Recently I observed an interesting phenomenon where 2 metrics used to measure the latency of requests going through the APIGateway ended up inverted in a way you wouldn't think possible.

For context the Latency is defined as:

The time between when API Gateway receives a request from a client and when it returns a response to the client. The latency includes the integration latency and other API Gateway overhead.

The Integration Latency is defined as:

The time between when API Gateway relays a request to the backend and when it receives a response from the backend.

So you would think since APIGateway is a big proxy the Latency would always be higher than the Integration Latency since in theory it includes the Integration Latency. This is true for all requests that are proxied.

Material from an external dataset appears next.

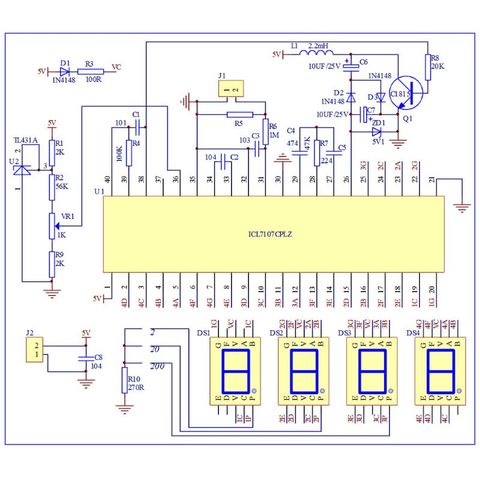 Digital Ammeter Kit DIY Module DC 5V 35mA 70.6x39mm DIY Kits Amp Current Meter ► Photo 1/6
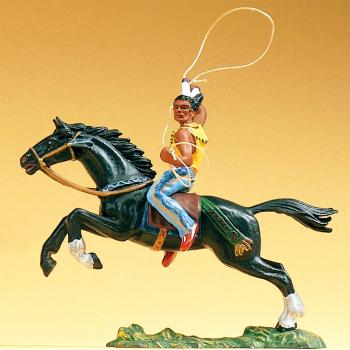 Preiser 54652 Indian riding with Lasso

What I realized is that the Latency can be really low for requests that are NOT proxied. Why wouldn’t a request be proxied? Because we were blocking tens of thousands of requests using WAF(Web Application Firewall) those requests had no recorded Integration Latency but they did have an effect on the overall Latency. Because AWS WAF is so fast and efficient at what it does, those requests were serviced in less than 10 milliseconds and because there were so many malicious requests being blocked the average Latency dropped significantly.

Think of it like back in college: The Professor is grading on a curve and because the WAF was so fast at handling the requests and there were so many requests, the curve(Latency) was thrown off while the Integration Latency was not thrown off. Let me know if you have observed this phenomenon before.